MENSAGEM DO PRESIDENTE DA COMISSÃO EXECUTIVA

No ano de 2020, o desempenho negativo do petróleo em Angola e a pandemia do vírus COVID 19, contribuíram para os vários desequilíbrios macroeconómicos do país que se traduziram em desafios constantes para os agentes económicos e para a Banca Comercial, em particular. O declínio económico acentuou-se mais, no segundo semestre do ano, com o reforço de medidas de confinamento interno, a paralisação parcial de actividades comerciais e industriais produtivas.

Privada da injecção de recursos financeiros, públicos e privados, mobilizados para acudir à emergência, a economia angolana ressentiu-se. Os múltiplos desequilíbrios macroeconómicos a que essa realidade deu azo viriam a expôr os agentes económicos e a banca comercial, em particular, a constantes desafios.

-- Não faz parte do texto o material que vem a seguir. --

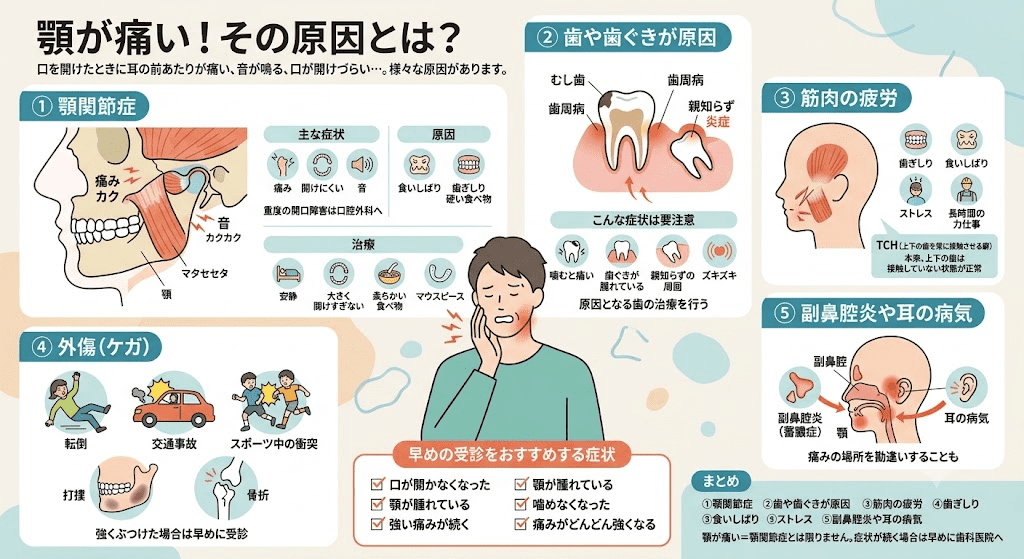 顎が痛い原因のまとめ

Essa realidade, ilustrada por factores, como a diminuição da produção, a baixa do consumo interno e a queda das exportações deu lugar, a um declínio ainda mais acentuado da economia nacional.

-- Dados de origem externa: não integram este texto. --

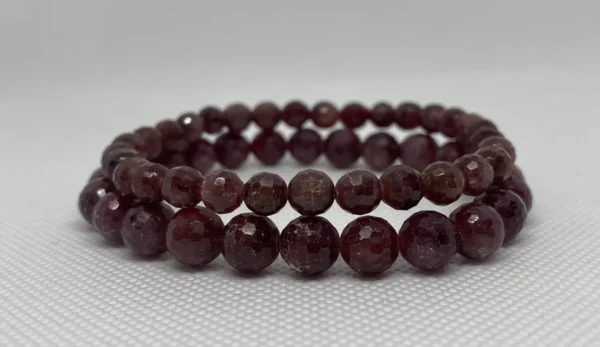 Ruby beaded bracelet - Image 4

Fosse a pandemia um fenómeno isolado e talvez os seus efeitos na economia não tivessem sido tão drásticos. A crise pandémica surgiu na esteira de outra crise de grandes proporções, a crise da queda dos preços do petróleo declarada em 2014 e que se mantêm até ao presente. A grandeza dos efeitos negativos da crise petrolífera na economia de Angola é melhor compreendida à luz de uma simples constatação: o petróleo era, muito à frente de todos os outros, o grande recurso da economia. Deixando de contar com ele, como sempre contara, constituiu um severo abalo no desenvolvimento económico e social do País.

Pela primeira vez uma crise petrolífera não foi passageira - como todas as outras sempre o haviam sido. Ano após ano, o Estado viu-se obrigado a recorrer às reservas líquidas e a endividar-se externamente como forma de fazer frente às consequências da crise.

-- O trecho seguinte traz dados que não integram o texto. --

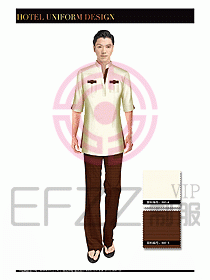 SPA水療會所服務員服裝設計376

O Banco BIC não foi indiferente aos seus efeitos. Cuidou de encontrar soluções a habilitar os seus clientes a resolver, no mínimo a minorar, os problemas que se lhes foram deparando. Assim se aumentaram, por exemplo, os níveis do financiamento de projecto empresarias nos sectores agropecuário e da agroindústria, associados ao PAC, no âmbito do PRODESI que contempla condições especiais de crédito a um pacote de 54 produtos identificados pelo Governo, apostado a fomentar a produção nacional e, concomitantemente, a reduzir o peso das importações. Fechámos o ano de 2020 com 17 novos projectos aprovados financiados em cerca de 64 mil milhões do AKZ o que coloca o Banco BIC em 2º lugar no ranking dos bancos comerciais financiadores ao abrigo do PRODESI.

Merece igualmente registo o lançamento de novos produtos de captação de poupanças individuais com atractivas condições de reembolso. A conta BIC CRESCE +, que permitiu aos seus titulares aumentar o rendimento das suas poupanças a juros de 15,5%, com pagamentos mensais antecipados.

Não vencemos a crise mas contribuímos para minimizar alguns dos efeitos mais perversos com que se debateram algumas empresas nossas clientes. O trabalho em equipa dos nossos colaboradores, conprometidos com os valores do Banco BIC foram fundamentais na sustentabilidade dos desafios que tivemos de enfrentar.

CRESCEMOS JUNTOS e Juntos faremos uma Angola Mais Segura.